Lots of Java people haunting the corridors. Thankfully they were all IntelliJ users, so we could escape the oppression of the Eclipse nazis for a short time. I met the guy who did the TestNG plugin. JUnit 4 is at the end of the day not that exciting. I might take a look at TestNG. I spread the word about Glassfish which I am now using at work in production. I think it will be big. It seems clear that Glassfish is the platform to be on for new experiments. Some of the non Java guys, who do not exactly keep up with Sun news, were interested to hear that Sun had done an open source Java app server. And the open sourcing of Java is big. Glassfish is coming on to the Linux distros (Ubuntu already announced) so they will see it.
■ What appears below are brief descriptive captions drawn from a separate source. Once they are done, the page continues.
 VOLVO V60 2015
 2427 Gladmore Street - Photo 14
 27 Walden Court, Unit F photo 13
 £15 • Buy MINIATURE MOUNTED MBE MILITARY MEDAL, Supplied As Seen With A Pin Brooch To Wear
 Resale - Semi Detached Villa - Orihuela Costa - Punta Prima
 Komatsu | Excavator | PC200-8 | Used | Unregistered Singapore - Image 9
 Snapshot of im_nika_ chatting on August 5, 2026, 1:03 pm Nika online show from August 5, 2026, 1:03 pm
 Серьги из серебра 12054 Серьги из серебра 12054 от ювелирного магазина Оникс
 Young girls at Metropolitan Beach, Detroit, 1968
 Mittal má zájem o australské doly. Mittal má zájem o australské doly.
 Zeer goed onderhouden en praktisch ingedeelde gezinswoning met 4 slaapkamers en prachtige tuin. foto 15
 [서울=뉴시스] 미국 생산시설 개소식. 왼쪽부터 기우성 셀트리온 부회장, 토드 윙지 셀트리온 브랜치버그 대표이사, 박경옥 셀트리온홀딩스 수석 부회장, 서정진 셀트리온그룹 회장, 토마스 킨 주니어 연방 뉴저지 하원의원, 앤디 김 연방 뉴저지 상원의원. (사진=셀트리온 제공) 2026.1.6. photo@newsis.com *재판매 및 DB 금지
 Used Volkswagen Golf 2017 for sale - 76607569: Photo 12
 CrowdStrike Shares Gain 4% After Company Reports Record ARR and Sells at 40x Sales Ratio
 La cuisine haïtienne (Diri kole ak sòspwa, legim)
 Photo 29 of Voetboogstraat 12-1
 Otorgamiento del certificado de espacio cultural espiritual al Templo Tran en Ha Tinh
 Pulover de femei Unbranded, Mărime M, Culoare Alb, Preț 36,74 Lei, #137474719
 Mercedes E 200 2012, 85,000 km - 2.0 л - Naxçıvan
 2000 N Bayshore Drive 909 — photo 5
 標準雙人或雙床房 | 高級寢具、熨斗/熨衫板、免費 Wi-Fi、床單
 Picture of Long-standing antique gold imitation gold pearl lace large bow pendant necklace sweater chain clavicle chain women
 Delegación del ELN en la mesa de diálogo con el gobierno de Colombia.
It was agreed that Linux newbies prefer Ubuntu these days. A grizzled Debian veteran still prefers the original formula. I showed off my Macbook running FC6 on VMWare Fusion in answer to questions about whether I had used Parallels.
Lots of it at the conference. We even had the NZ Communications Minister with us. He seemed very well informed on IP issues. NZ is doing a new Copyright Act and trying to avoid the disgraceful Australian precedent done as part of the Australia – USA bilateral trade deal where we let the US export their IP laws to us in exchange for a little bit of market access for our farm products.
He suggested that patent infringement lacked mens rea. I suggested that it is now hard to write a line of code without infringing some patent. So we all have mens rea, but we have no idea what patent we are infringing.
Corporates still seem best served by building up patent war chests. A bit hard for those of who do open source.